Le vendemmie di altri tempi - di Elio Gioanola

Nelle vigne di San Lorenzo salendo dalla valle di San Cristoforo
Lo zio, o barba, Salvino era nato nel 1893 ed è morto centenario nel 1993, quando io avevo la metà dei suoi anni.
Potei dunque vivere con lui molte delle vendemmie nelle vigne di San Lorenzo, raggiungibile dai carri tirati dai buoi salendo dalla carrareccia che dalla valle di San Cristoforo portava alla sua proprietà, o scendendo dalla stessa strada in senso inverso, a partire dalla sassonia che portava a Lu.
Le prime di quelle vendemmie cominciarono per me quando avevo sette o otto anni e c’era ancora la guerra, con i partigiani che si nascondevano in mezzo ai filarti, allora fittissimi e pieni di nascondigli, per sfuggire alle retate dei tedeschi.

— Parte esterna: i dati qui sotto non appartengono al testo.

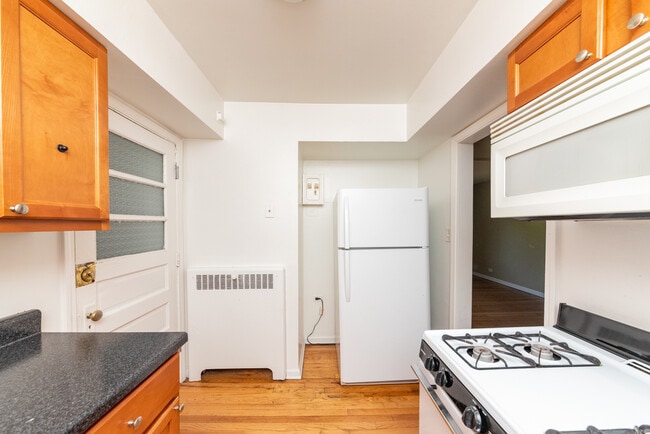 Photo - 233 Custer Ave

Alla raccolta delle uve partecipava tutto il parentado, sotto la regia dell’imperativa nonna, con generi e nuore, coi nipoti maschi e femmine che stavano crescendo. Gli zii erano uomini nel pieno dell’età matura e portavano la brenta, dove le uve erano versate soprattutto dalle donne, mentre ragazzi e ragazze un po’ raccoglievano e un po’ si rincorrevano tra i filari giocando a nascondersi.
A mezzogiorno il Salvino suonava la campanella che stava sul boccalare del pozzo, tirava su le bottiglie dei vino che erano state al fresco e un secchio d’acqua che sapeva d’erba menta, e a quel suono tutti si raccoglievano sulla cavedagna che attraversava tutte le viti e si disponevano al pranzo.
Perché anche quegli ultimi tempi grami della guerra non mancava mai la roba da mangiare, i contadini tiravano fuori dai loro posti segreti la farina bianca, scomparsa per tutta la gente costretta a vivere con la tessera, i salami fatti in casa col maiale ammazzato di nascosto e le formaggette ancora grondanti di siero.
Non mancava certo la frutta, ma tutti erano pieni dell’uva luglienga e dell’aleatico mangiato durante la raccolta per gustarla; allora le pesche da vigna e le pere della coscia volavano tra i presenti al pranzetto, tutti allietati, grandi e piccoli dalla rara occasione di una mangiata davvero extra.
Ricordo specialmente le forchette, chiamiamole così, fabbricate sul posto da uno degli zii con le canne tagliate in modo adeguato, con i loro rebbi ben tagliati e la comoda impugnatura. In quei primi tempi era un peccato che non si potesse cantare, per non dare punti di riferimento pericolosi, ma finita la guerra era lo zio Manuele a intonare da par suo tutto un repertorio di canzoni prima proibite, che cominciava per lui socialista con Bandiera rossa.
Non è che tutti fossero pronti a seguirlo nell’occasione, ma allora era scoppiata la pace e nessuno si sarebbe permesso, nemmeno i parenti più cattolici, di fare qualche osservazione sgarbata. C’erano nel parentado le cugine più grandi, allora nel pieno del loro fiore, che avevano già il moroso e pensavano al matrimonio vicino, per questo cantavano e ridevano contente a tutte le stupidaggini che volavano in giro.
Ma la gioia era di tutti, perché il mondo sembrava rivivere dopo il lungo inverno del fascismo e della guerra e, se le vendemmie di prima della loro fine erano state un po’ sacrificate, grande era la felicità generale di quelle successive.